### WHAT IS REQUIRED
Shown below is a listing with pictures; reproduce exactly, and only, the lines between the ones containing "Hunde von Jiakalamo" and "2020 Ford F150", inclusive, leaving the pictures out.

### DATA FOR ANALYSIS
# # # #

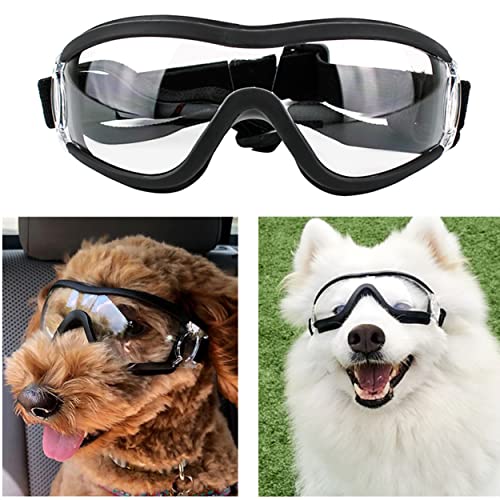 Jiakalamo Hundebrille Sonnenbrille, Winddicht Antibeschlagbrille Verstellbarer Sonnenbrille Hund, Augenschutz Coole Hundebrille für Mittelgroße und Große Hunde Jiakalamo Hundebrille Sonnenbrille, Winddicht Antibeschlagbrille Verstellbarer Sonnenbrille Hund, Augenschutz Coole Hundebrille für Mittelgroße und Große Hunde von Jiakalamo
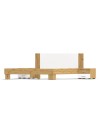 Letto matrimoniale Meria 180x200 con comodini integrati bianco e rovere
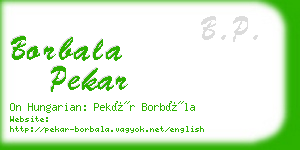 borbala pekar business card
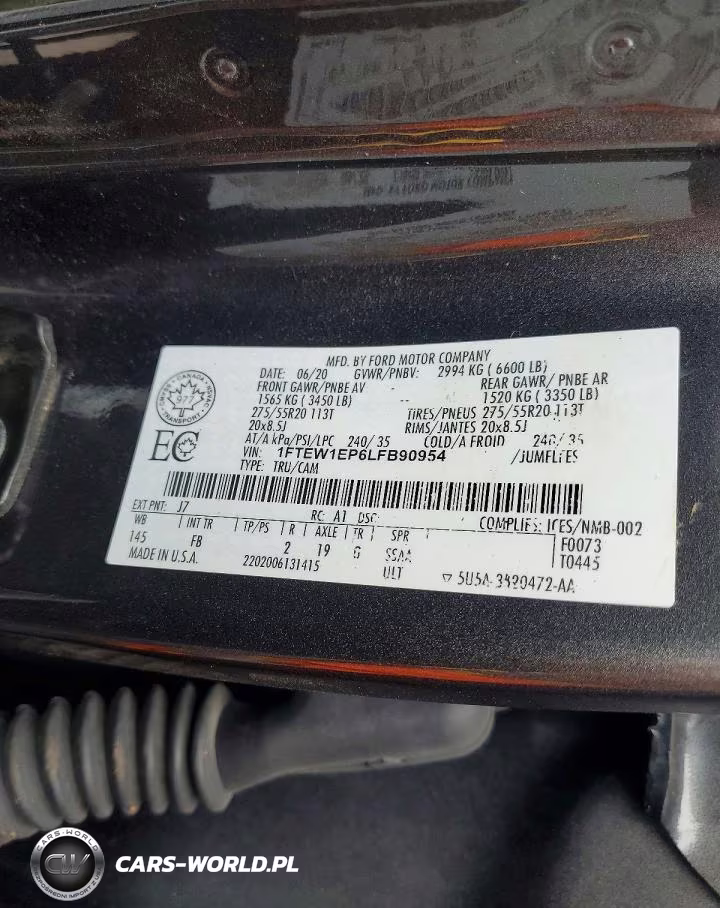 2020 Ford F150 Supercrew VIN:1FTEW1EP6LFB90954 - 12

# # # #

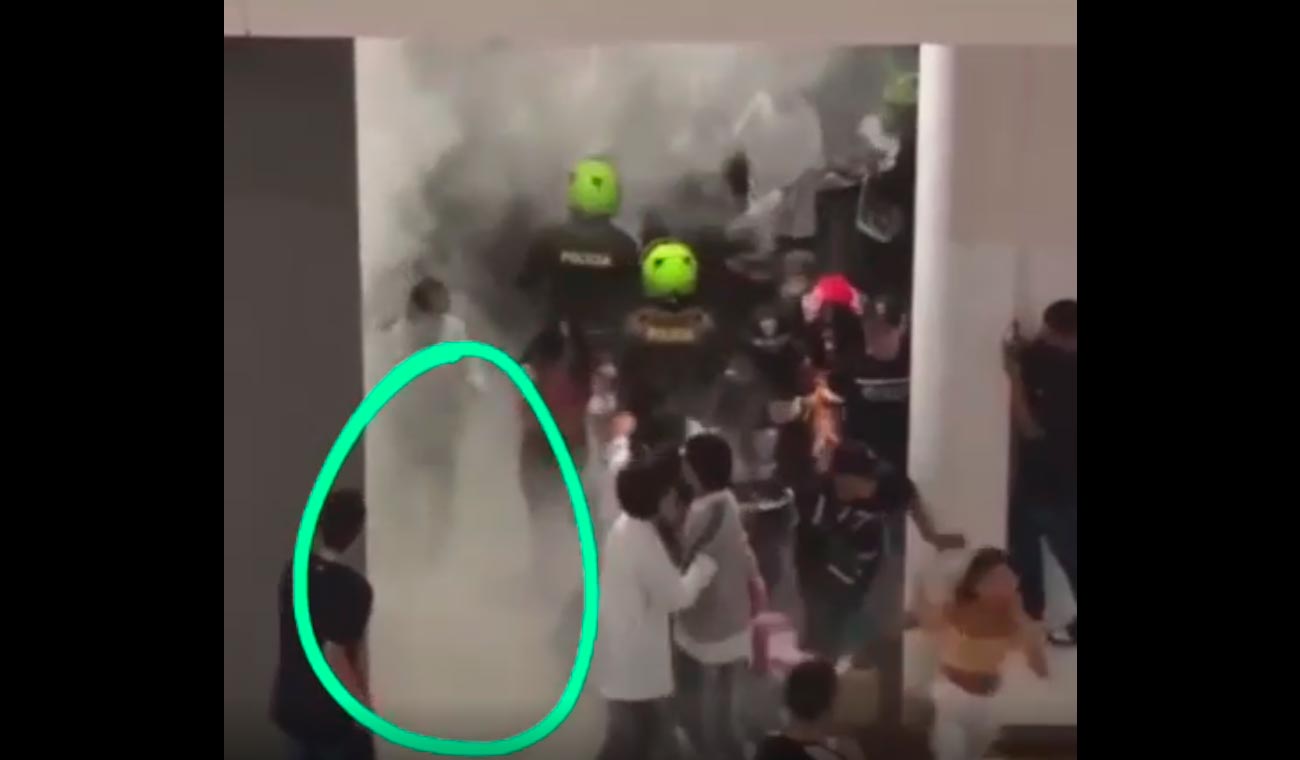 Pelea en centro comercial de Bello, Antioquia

# # # #

### TASK SOLUTION
 Jiakalamo Hundebrille Sonnenbrille, Winddicht Antibeschlagbrille Verstellbarer Sonnenbrille Hund, Augenschutz Coole Hundebrille für Mittelgroße und Große Hunde Jiakalamo Hundebrille Sonnenbrille, Winddicht Antibeschlagbrille Verstellbarer Sonnenbrille Hund, Augenschutz Coole Hundebrille für Mittelgroße und Große Hunde von Jiakalamo
 Letto matrimoniale Meria 180x200 con comodini integrati bianco e rovere
 borbala pekar business card
 2020 Ford F150 Supercrew VIN:1FTEW1EP6LFB90954 - 12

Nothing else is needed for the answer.